DIRECTIONS
Find the line below with "Louis Vuitton Petite Malle Monogram" and the line with "Café Café, near Tarragona station". Output them and the lines between, exactly, but not the pictures.

DATA FOR THE TASK

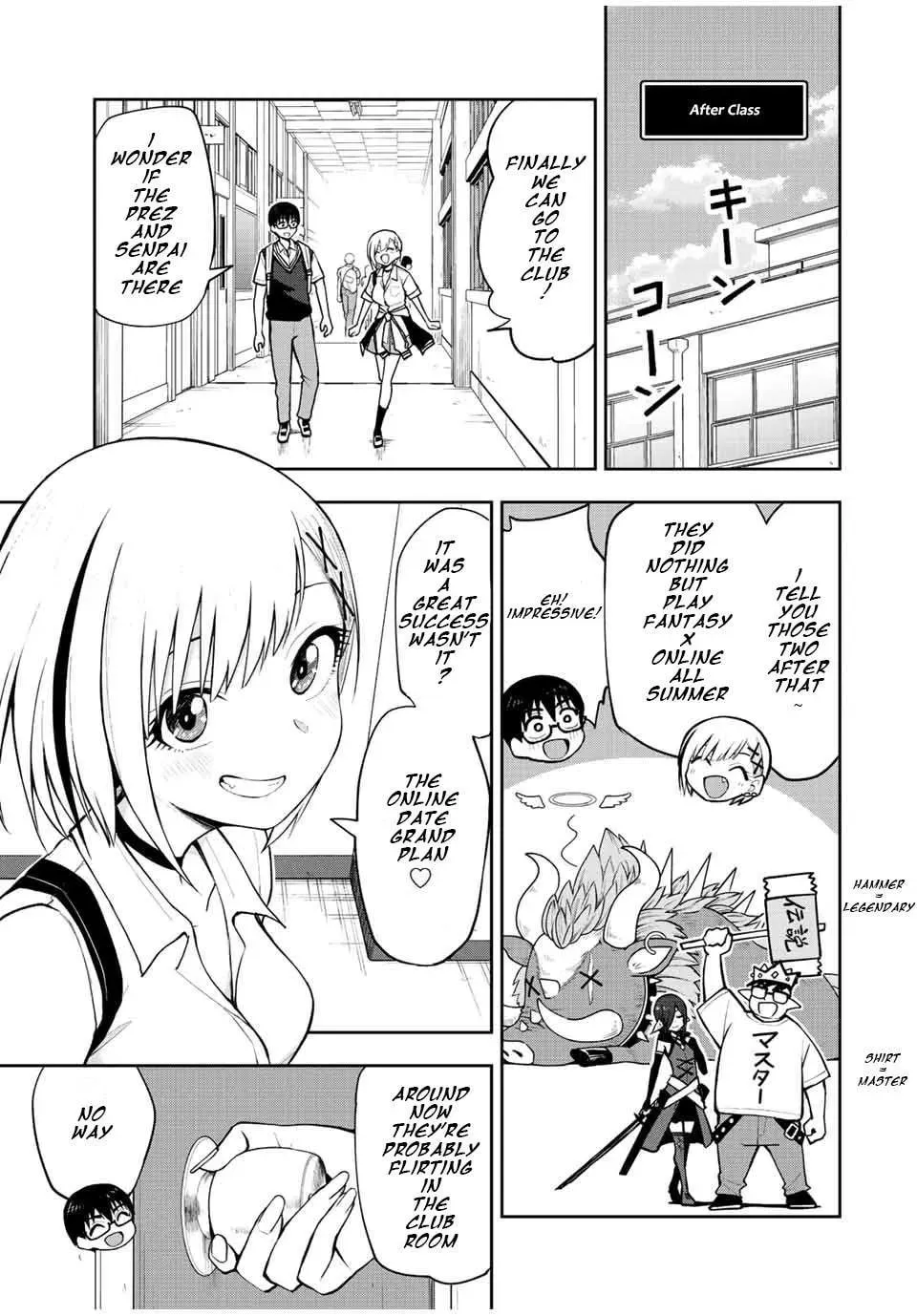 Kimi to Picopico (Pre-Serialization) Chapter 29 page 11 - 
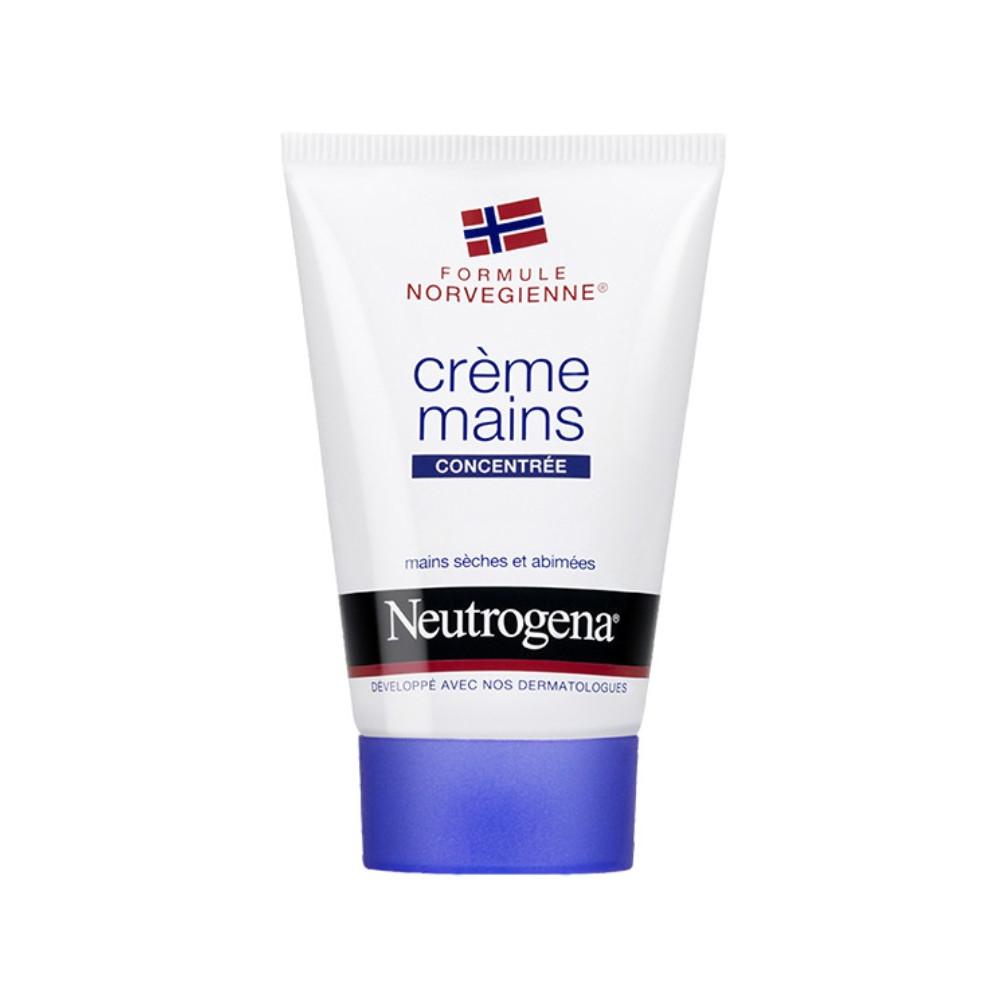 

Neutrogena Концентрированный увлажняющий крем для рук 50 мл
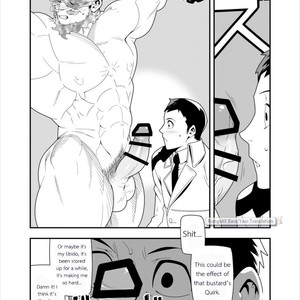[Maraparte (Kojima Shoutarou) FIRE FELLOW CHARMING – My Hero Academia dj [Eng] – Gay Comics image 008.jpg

---

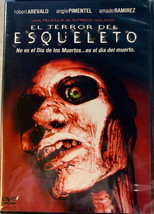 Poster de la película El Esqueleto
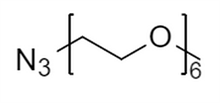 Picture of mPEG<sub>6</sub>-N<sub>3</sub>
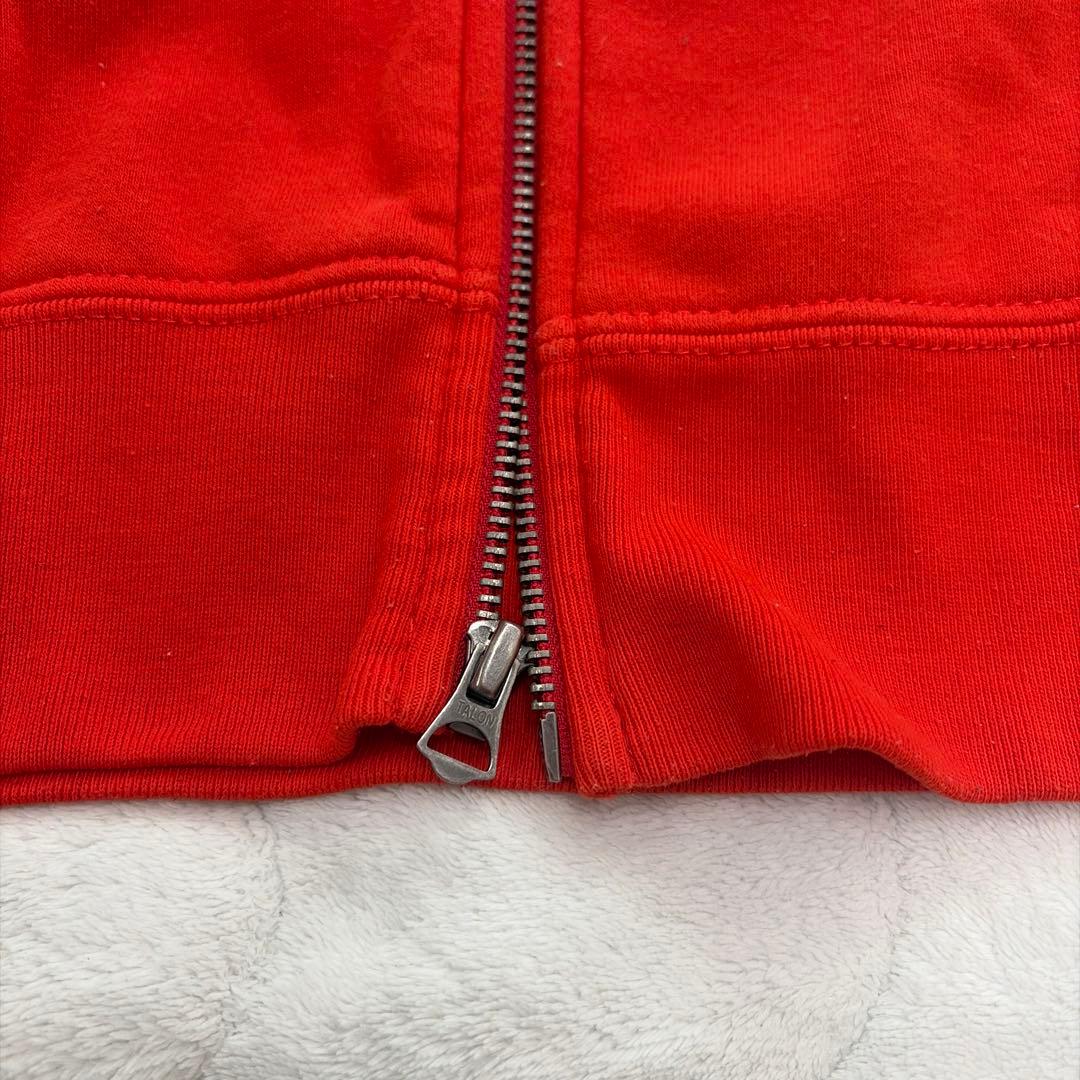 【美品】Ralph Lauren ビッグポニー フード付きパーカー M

==

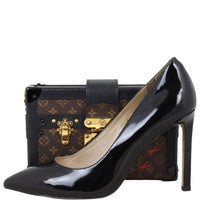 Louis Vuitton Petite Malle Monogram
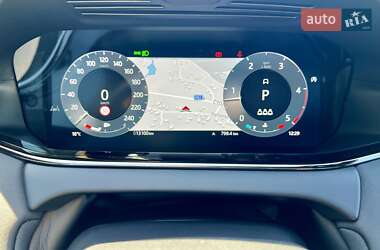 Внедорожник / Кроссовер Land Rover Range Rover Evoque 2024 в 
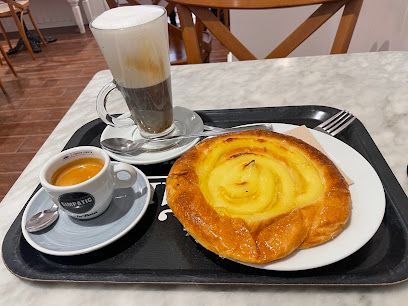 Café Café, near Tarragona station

RESPONSE TO THE TASK
 Louis Vuitton Petite Malle Monogram
 Внедорожник / Кроссовер Land Rover Range Rover Evoque 2024 в 
 Café Café, near Tarragona station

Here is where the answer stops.